Bournonville travaille à un système de notation, qui ne sera pas très utilisé mais témoigne de son désir de préserver son art : il sait que le ballet ne sera pas reconnu comme l’égal du théâtre ou de la musique tant qu’il n’aura pas son langage propre. Bournonville se bat également pour améliorer le sort de danseurs (il fait régulariser la paye des danseurs et leur obtient une retraite) et, en 1847, réorganise l’école du ballet.
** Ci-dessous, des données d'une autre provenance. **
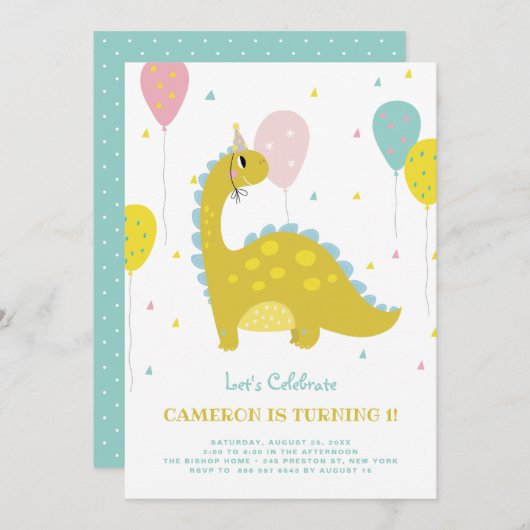 Invitation Dinosaure mignon avec Anniversaire de enfant de ba (Devant / Derrière)
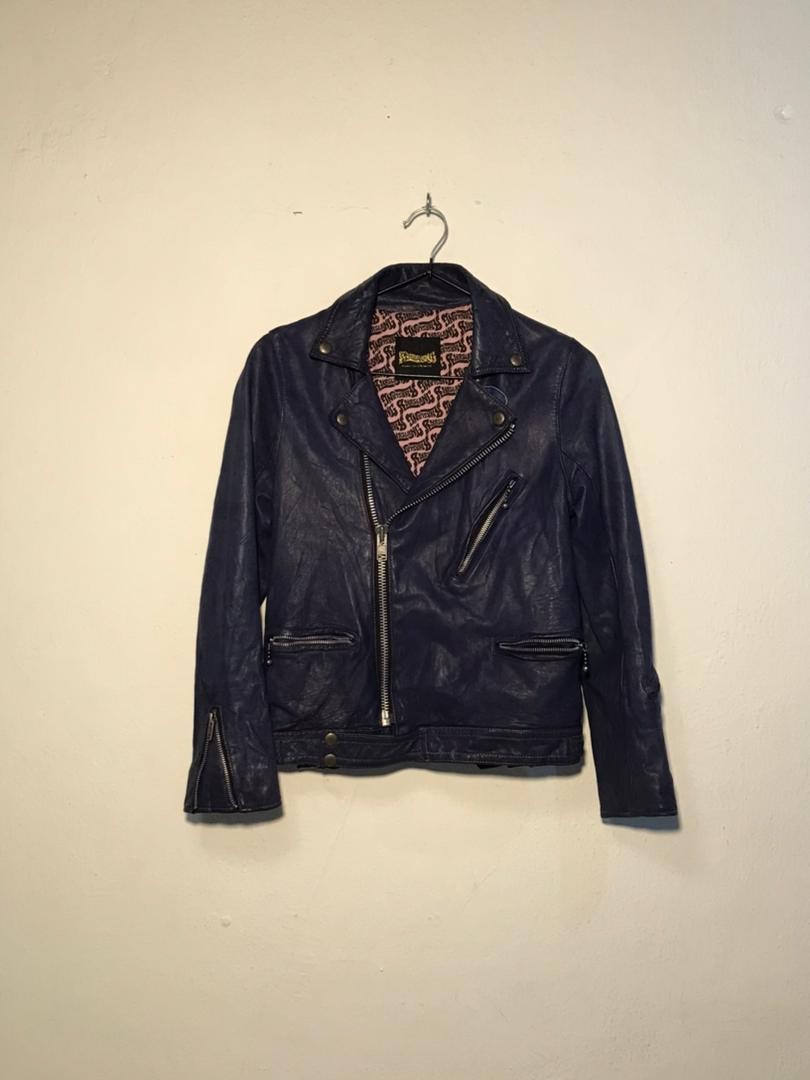 SPIRAL STORE navy blue leather biker jacket with zip details and patterned lining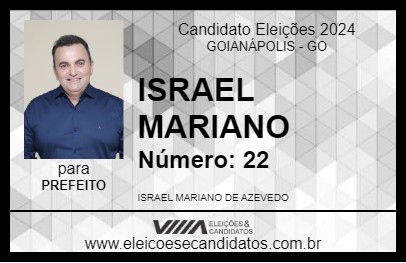 Candidato ISRAEL MARIANO 2024 - GOIANÁPOLIS - Eleições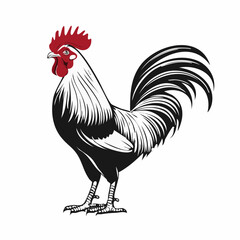 Rooster Standing Image Vector Illustration isolated on white background.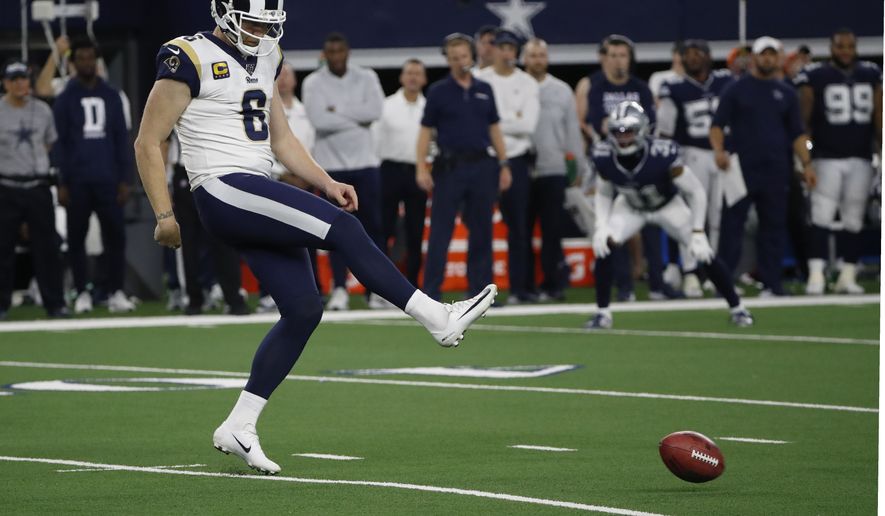 In this Dec. 15, 2019 file photo Los Angeles Rams punter Johnny Hekker kicks an onside kick during an NFL football game against the Dallas Cowboys in Arlington, Texas. The NFL is considering adding a booth umpire and a senior technology advisor to the referee to assist the officiating crew. The league also is looking at other rules changes, including an alternative to the onside kick. NFL clubs received a list of potential rules changes on Thursday, May 21, 2020. (AP Photo/Roger Steinman, file) **FILE**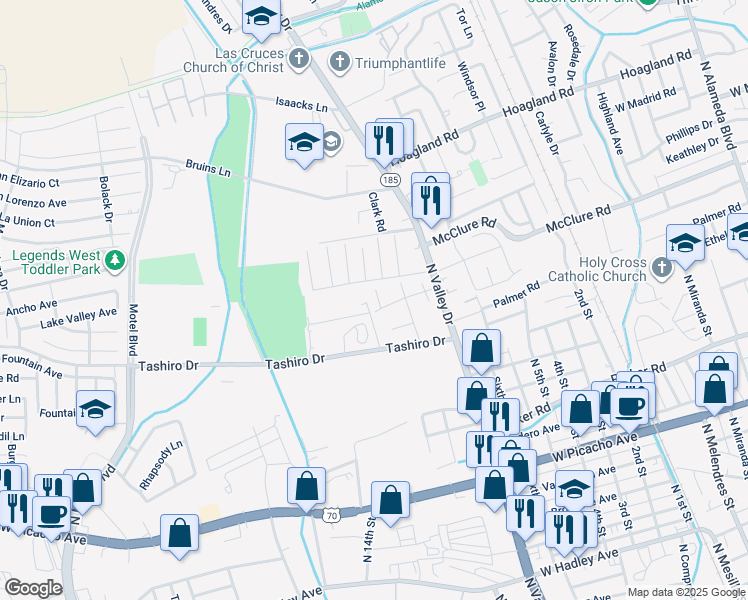 map of restaurants, bars, coffee shops, grocery stores, and more near 1617 Casita Court in Las Cruces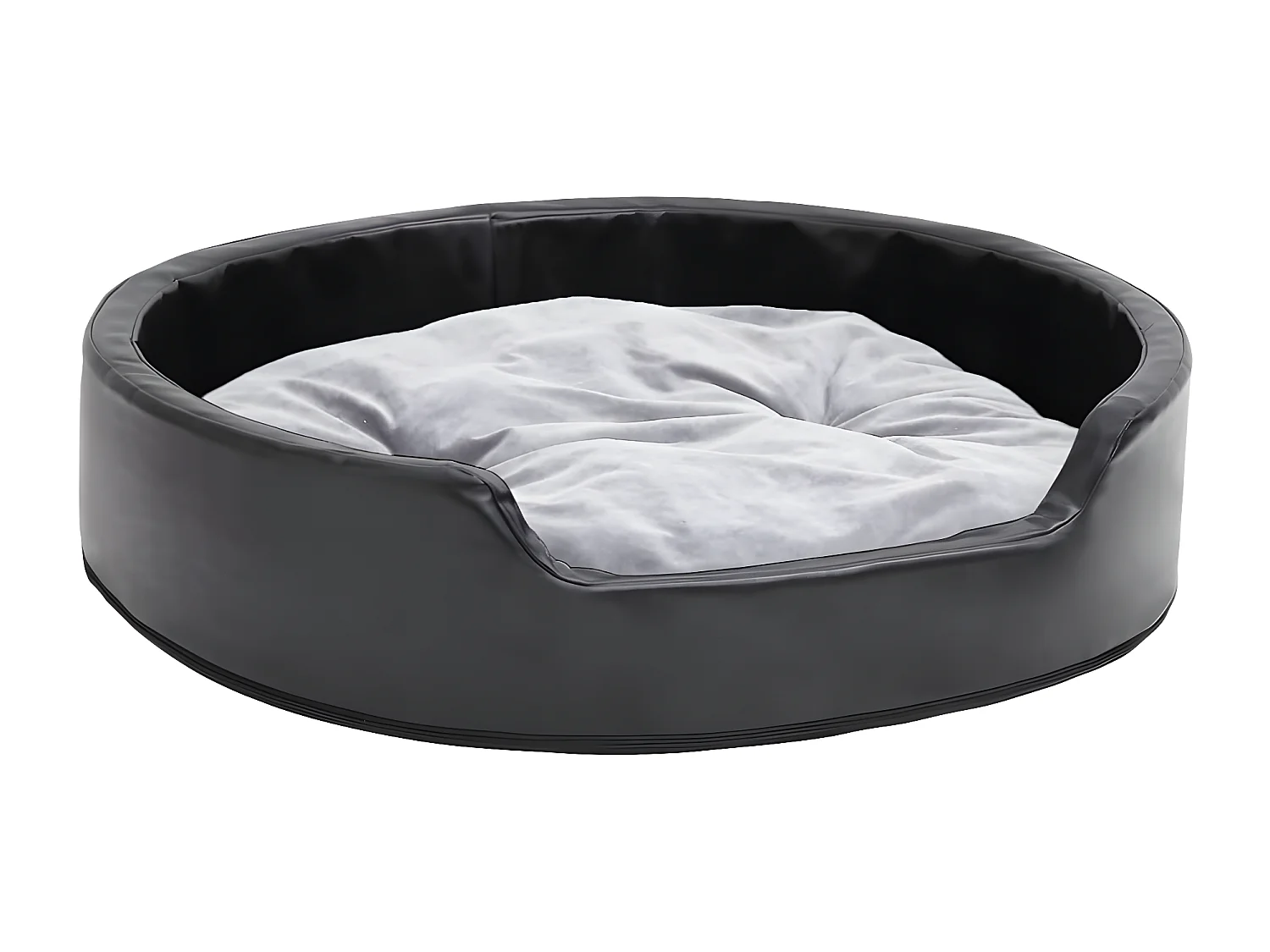 Canapé pour chiens Noir et gris 79x70x19 cm Peluche et similicuir RG3Q57901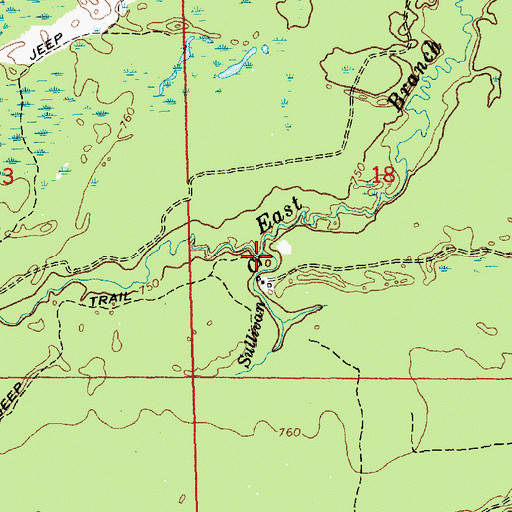 Topographic Map of Sullivan Creek, MI
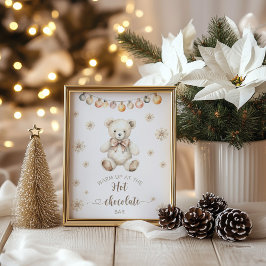 Weihnachtsbär Warme auf der heißen Schokolade-Bar Poster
À la mort de Bournonville, en 1879, le Danemark a sa propre école et son propre style de ballet (qui sauvent ainsi de l’oubli une part importante de la tradition française, issue de l’école Vetsris). Par la suite, ses élèves règlent à partir de ses ballets six cours de danse (un pour chaque jour de la semaine) et répètent inlassablement ces classes fixes. Le Conservatoire portait bien son nom…
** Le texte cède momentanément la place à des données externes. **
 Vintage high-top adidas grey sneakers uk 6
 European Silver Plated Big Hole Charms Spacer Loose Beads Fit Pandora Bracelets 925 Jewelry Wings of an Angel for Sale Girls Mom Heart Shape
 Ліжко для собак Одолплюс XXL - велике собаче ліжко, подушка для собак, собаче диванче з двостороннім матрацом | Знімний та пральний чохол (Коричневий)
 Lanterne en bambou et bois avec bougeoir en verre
AA 3/12 La Révolution française dans le ballet

Ce billet fait partie d’une série de compte-rendus sur Apollo’s Angels, de Jennifer Homans.

 

Ballet bluette, ballet pompier

À la fin des années 1770, la rivalité de la comédie italienne est alarmante ; l’Opéra traverse une crise financière. On n’y donne plus de nobles pantomimes dans le style de Noverre, mais des vaudevilles-pantomimes, sortes de ballets fleur bleue mettant en scène de jeunes paysannes (parfois émaillés de quelques sous-entendus politiques, les rosières pouvant faire écho à Marie-Antoinette). Le chorégraphe Maximilien Gardel travaille avec des compositeurs qui recyclent des chansons populaires : le public en connaît les paroles, c’est un moyen efficace pour rendre la pantomime compréhensible. La danseuse-phare de ces ballets est Madeleine Guimard, une « bâtarde au grand cœur », ai-je écrit dans mes notes, ce qui me fait un peu douter de moi. La miss danse les rôles de paysanne avec noblesse et les rôles de dame noble avec simplicité, mais bon, ça reste de la bluette.
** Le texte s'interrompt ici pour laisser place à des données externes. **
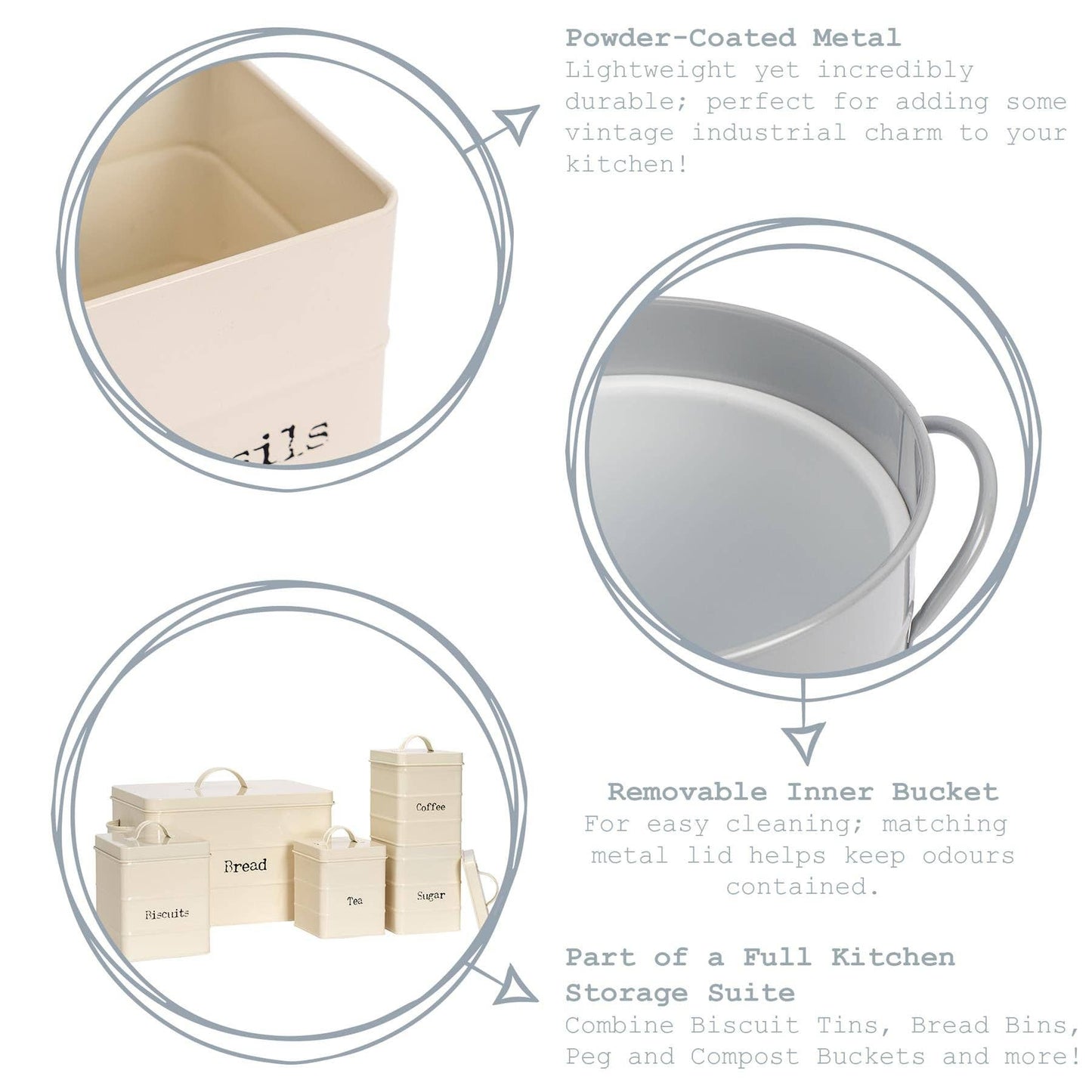 Harbour Housewares Compost Bin Canister - Matte White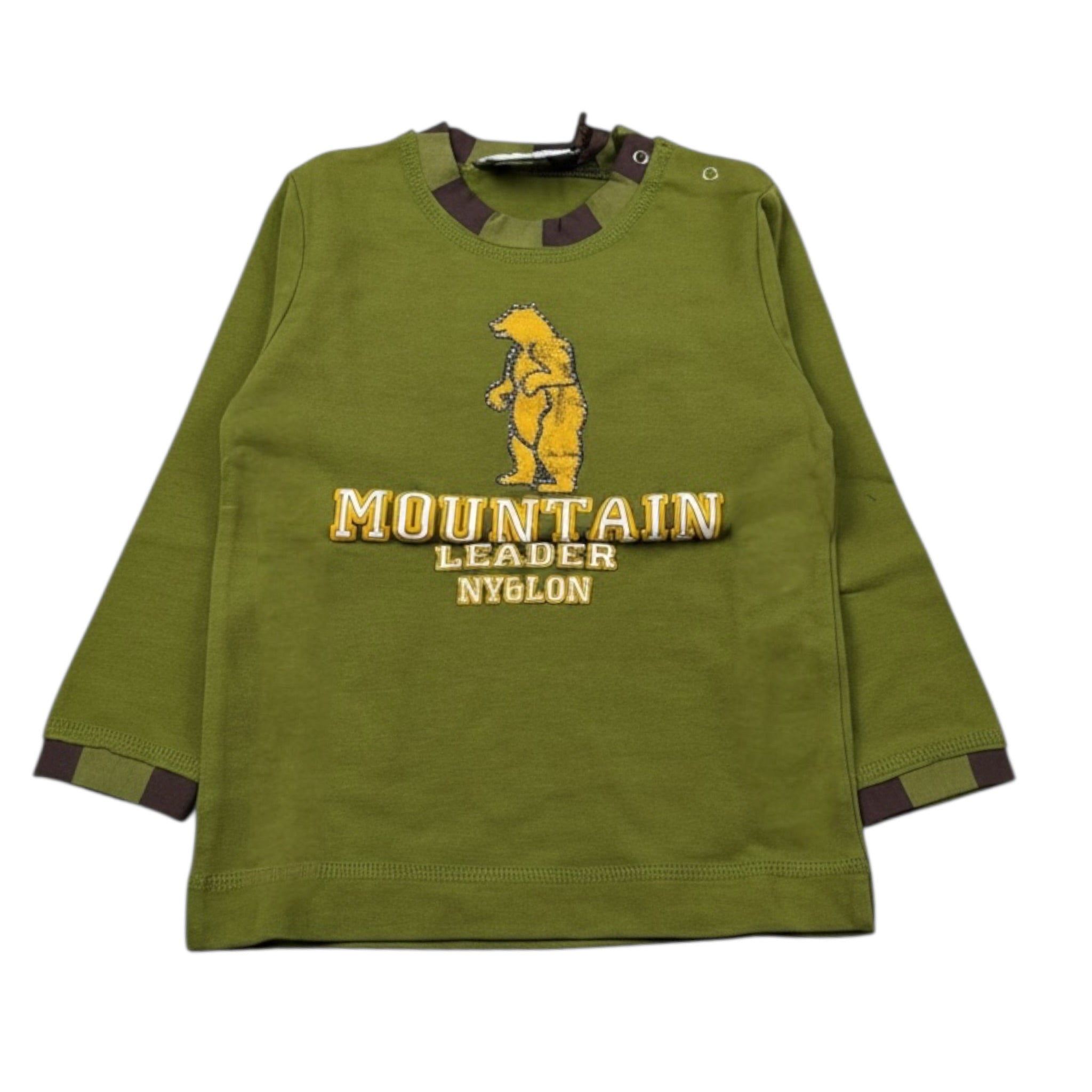 Monnalisa Shirt Girocollo tinta unita con Stampe Verde per Neonato 682602S8 VERDE MONNALISA 
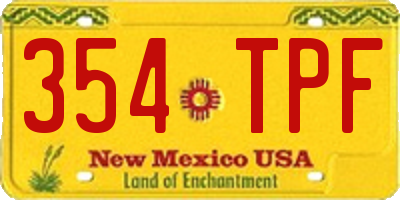 NM license plate 354TPF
L’érosion du style noble correspond à une réalité sociale. Louis XVI, moins porté sur l’étiquette (et ce n’est pas Marie-Antoinette qui va lui remettre les pendules à l’heure), se rend peu souvent à l’Opéra. Le réflexe de se tourner vers le roi et les grands de ce monde pour connaître leur avis (forcément le bon) tend à s’estomper. On vient de moins en moins pour être vu et de plus en plus pour voir, si bien que lorsque l’opéra est détruit dans un incendie, on en reconstruit un plus axé sur la visibilité que la sociabilité (ce n’est pas le palais de Chaillot non plus, hein).

L’Opéra est aussi agité que la nation. Les danseurs sont de moins en moins contrôlables et se livrent à des mutineries qui en envoient certains en prison. Auguste Vestris, danseur qui compte davantage sur la virtuosité que son père Gaetan, refuse de se produire pour la reine, ça par exemple ! Le 11 juillet 1789, la foule investit l’Opéra et s’empare des accessoires qui ressemblent à des armes – la chronologie nous préserve heureusement d’une prise de la Bastille avec des pistolets à eau.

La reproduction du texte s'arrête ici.